Temur Rakhimov wins gold and is back at number 1
The final +100kg in Baku was a fight between Rakhimov and Yusupov promises energy and entertainment. The first exchange brought us a massive pick-up which was answered with a change in grip and a counter attempt. Both wanted to throw. Heavy but mobile gripping and movement in spades made the whole contest a risk for both. Yusupov tried a sode-tsuri-komi-goshi but pulled himself out early.
It should have broken up the fight but neither was really willing to relinquish the other’s kit. With just over a minute to go it was Rakhimov who finally found the right angle, the right drive and the right grip to produce a massive ippon with o-uchi-gari. He wrapped his arms around the Uzbek and crushed him to the floor. It was huge! It was the perfect way to end three days of grand slam judo in Baku.
Yusupov left with silver and his teammate right on his heels. Rakhimov confirmed as position as the number one seed and the current world number one.
Rakhimov’s day was not only about the later matches though. He had a tough quarter-final too, against a Georgian opponent. It began at a leisurely pace but with 2:40 still left on the clock Rakhimov exploded into a cross-grip and an immediate o-uchi-gari. It scored waza-ari and despite Inaneishvili’s best efforts, that was the way the scoreline stayed. Rakhimov is world number one for a reason and protecting his scores is just one of his many skills.
Sipocz (HUN) found himself in the repechage and then a fight for bronze having lost to the Finn in he quarter-final. He faced Gamzatkhanov, a local fighter with no medals on his record. At the end of a full-time match, the Hungarian left the victor after registering a half-point during normal time. The Azeri’s card remains unmarked!
Puumalainen fought his socks off for the second bronze against Uzbekistan’s Bakhtiyorov, who was himself keen to stay close to his countryman’s lead knowing that Yusupov was without doubt the number one. Sadly for the hard-working Finn, a very fast o-guruma stood between him and the podium. Uzbekistan took the medal, their second of the category with a final still to come, while Puumaleinen left in 5th place.
Tushishvili (GEO) was the only one of the top 4 on the category not to make it to the semi-final stages, as he was disqualified in round two for head-diving. The last of the 4 was Yusupov (UZB). He had no problem registering a positive maximum score in each match, all the way to the final.
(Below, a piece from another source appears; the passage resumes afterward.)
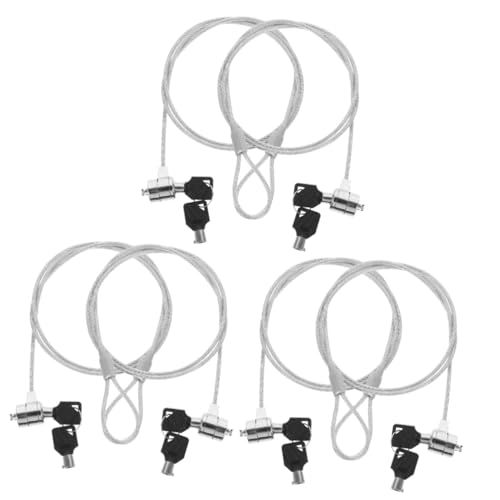 Tofficu 6 Juegos Candado para Portátil con Llave Cable de Seguridad Antirrobo Reforzado Kit de Unidades para Protección de Computadoras y Tablets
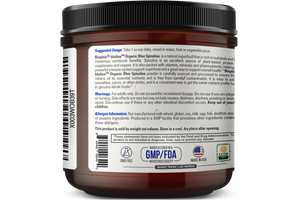 Biophix Blulina Organic Blue Spirulina Powder 6 oz 170 g - Detoxification Antioxidants Immune Support Superfood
Martti Puumalainen (FIN) is almost always in the final block or at least in the top 8. His name is rarely on the top spot but never far away. He’s consistent, reliable, hard-working and deserving of success. He was seeded 4th in Baku and towed the party line, reaching the semi-final with a bye and two maximum scores. There Rakhimov (TJK), also obeying the rankings, dealt with the Finn and moved into the final.